Cuando llegué a la estación de autobuses y estaba en la ventanilla para comprar el ticket, la mujer me dijo..."Ese autobús de ahí sale en 2 minutos hacía Rio Dulce, así que corre!". Y así lo hice, corriendo entre en el autobús, si llego a tardar un poco más con el taxi, no lo cogo y hubiera tenido que coger otro que llegaba de madrugada a Rio Dulce. Así que menos mal lo cogí.

Entre en el autobús y empecé a aterrizar en Guatemala. Las caras de la gente me indicaban que ya no estaba en España. Sus rasgos indígenas, su vestimenta tradicional, nada que ver con nuestra cultura. Ese choque cultural es algo que me encanta.

En los países de Sur América es muy común que en los autobuses haya 1 conductor y un copiloto. Éste se dedica a controlar quien entra, quien sale, pone en orden a la gente donde se tiene que sentar, etc. En un momento del viaje me dijo si podía sentarme más atrás, pues otro señor en el siguiente pueblo necesitaba sentarse en mi lugar. Le dije que sí claro, y me fuí donde me indicó. Cuando estaba iendo hacía mi asiento vi a una chica rubia, extranjera como yo. Pensé..."Esta chica no es de aquí, evidentemente". Justo el señor me indicó que me sentara detrás de ella junto a una mujer local.

La señora que ahora estaba a mi lado me empezó hacer preguntas..."De dónde era, qué había venido hacer a Guatemala..." Le dije que había venido hacer un voluntariado a Casa Guatemala con los niños. De repente, la chica extranjera, cuando oyó eso, se dió la vuelta pronunciando mi nombre..."Cécile??" En seguida supe que era ella..."Natalie??". Era la chica que nos había conectado mi amigo de la formación. Qué emoción nos hizó encontrarnos así. Fué realmente una sorpresa para las dos. Aún escribiendo esto ahora, siento que la piel se me eriza. Porque nuestra amistad aún sigue viva después de más de 6 años. Gracias a ese viaje.(Me extenderé más sobre ella más adelante).

Llegamos de noche al Backpackers que tiene Casa Guatemala. Gracias a él, se cubren parte de los fondos para el orfanato y para los voluntarios es muy barato dormir allí. Como 1 euro la noche. Eso si, en habitación compartida con unas cuantas literas, y baño dentro, también compartido. Pero todo eso me parecía una aventura y una forma de vivir tan diferente a la que estaba acostumbrada que me encantaba la idea.
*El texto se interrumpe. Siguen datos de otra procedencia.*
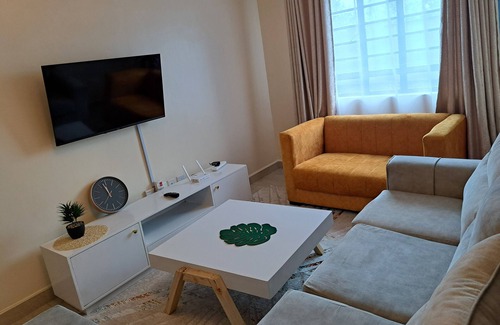 Mlolongo Apartamento | Stylish One bedroom apartment. Family friendly. 7 minutes to airport and SGR!
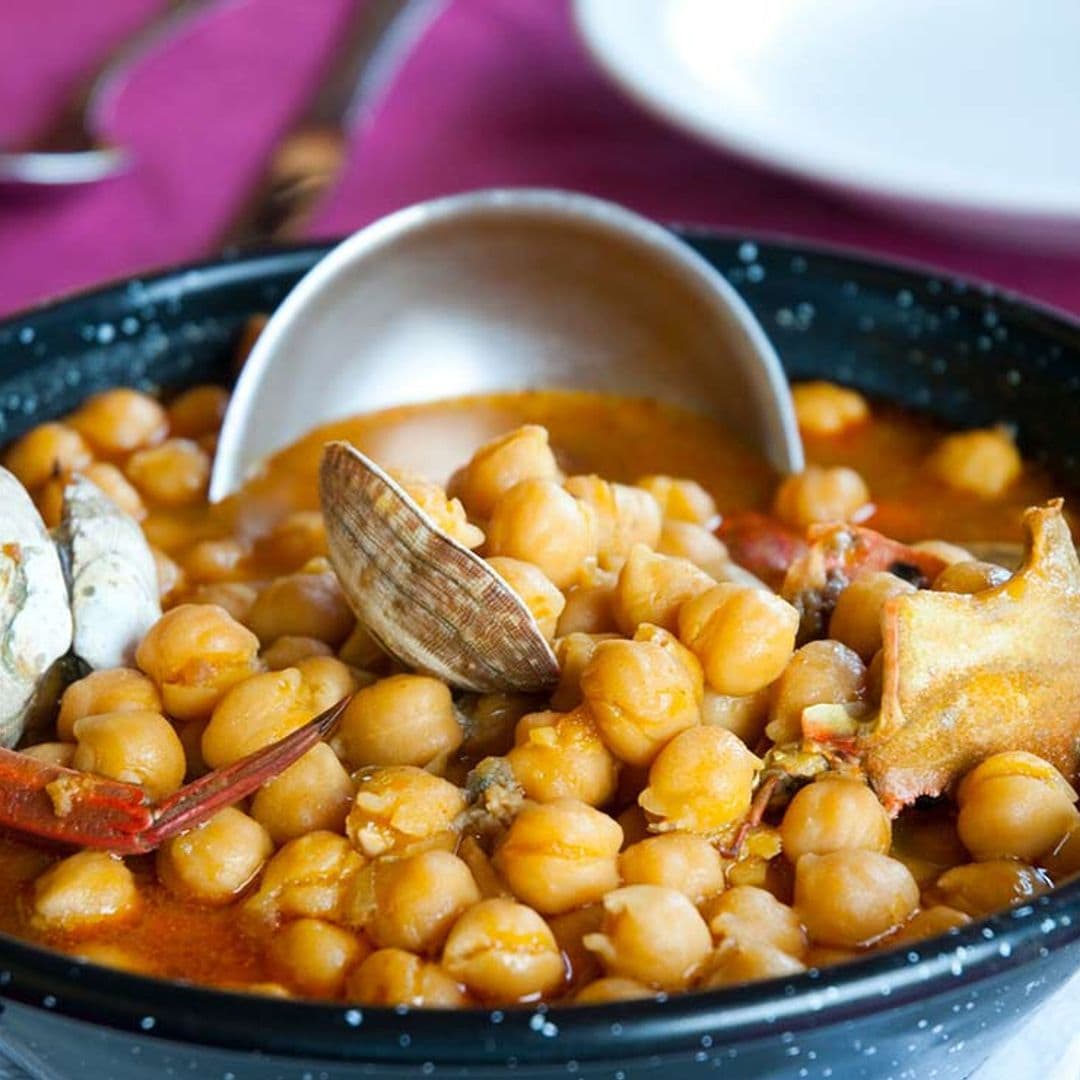 Garbanzos con marisco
Al día siguiente, tras un buen desayuno, nos dispusímos a salir hacía Casa Guatemala. Al orfanato sólo se puede acceder en barco, pues está metido entre la selva y un río (Río Dulce). Así que la experiencia de ir en barca por el río con nuestras mochilas a cuestas me hacía muchísima ilusión.

Durante mi estancia allí la sensación era de estar en una burbuja que me atrapaba. Las historias de los niños, los demás voluntarios, los profesores y otros trabajadores fijos del orfanato. Es todo muy intenso y la verdad, creo que no podría explicar todo por aquí, porque es mucho lo que viví y sentí durante mi estancia allí. 
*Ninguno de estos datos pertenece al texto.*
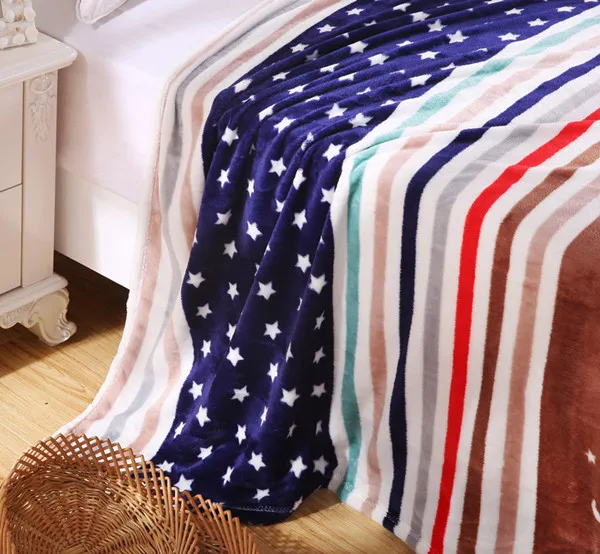 На диван-кровать милые пушистые клетчатые одеяла со звездами благородное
Recuerdo momentos muy chulos de ir con la barca de noche iendo hacia el Backpackers, pues una vez a la semana teníamos libre los voluntarios y nos íbamos a hacer un poco de fiesta juntos. Una noche de esas recuerdo que "Pato", el conductor de la barca, iba con su linterna enfocando hacia el río, sólo podía ver la luz del foco, alrededor no había ninguna luz más. Miré hacía el cielo y vi el manto de estrellas, era maravilloso! Uno de los mejores momentos del viaje. La sensación de ir en barca, y ver ese cielo, fué una experiencia preciosa e inolvidable.
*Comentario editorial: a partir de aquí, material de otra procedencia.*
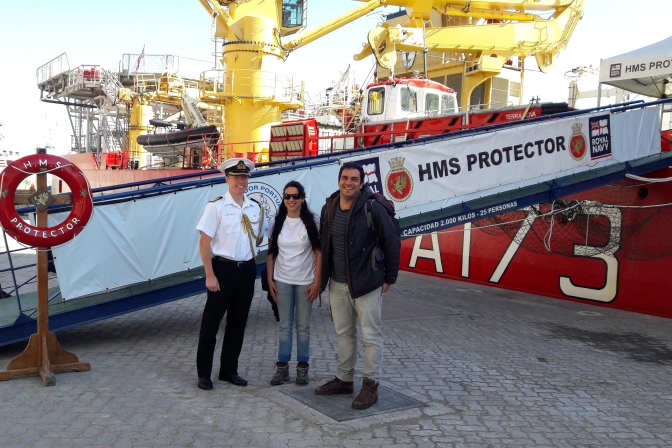 El eterno femenino de una imaginativa pintora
También vinieron otros momentos más duros. Dónde me topaba con otra realidad fuera del orfanato. Fué uno de mis primeros días de estar allí. Tras la noche en el Backpackers, me fuí al pueblecito que queda al lado para comprar comida para mi. Al regresar hacia el orfanato, tenía que coger una barca taxi. Así que me adentré en otra aventura. Ir con la gente local en una barquita. Me encantaba eso! Me sentía una más con ellos. Esas faldas llenas de capas que llevan las mujeres, con colores y de un tejido muy gordo. Yo no sé cómo no se morían de calor. 

Cuando iba por el río vi esa otra realidad. La costa estaba llena de casas de gente con mucho dinero, yates en la puerta de sus casas, algunos incluso tenian un terreno para que el helicóptero pudiera aterrizar. Y es que cómo país peligroso que es, está lleno de narcotraficantes. Y esa zona lo era. Me dió rabia y frustración de ver esa gente con aquellas casas y que no supieran que un poquito más adentro existia otra realidad que era lastimosa. Con niños que no es que pasarán hambre, pero tienen lo justo para vivir. Estas injusticias que hay en el mundo y que a veces están en unos metros de distancia y ni si quiera se puede hacer nada por ello. Es muy frustrante. Pero así está hecho el mundo de momento. Quizá algún dia cambie, tampoco sé por qué deben existir estas injusticias, pero alguna explicación debe de haber...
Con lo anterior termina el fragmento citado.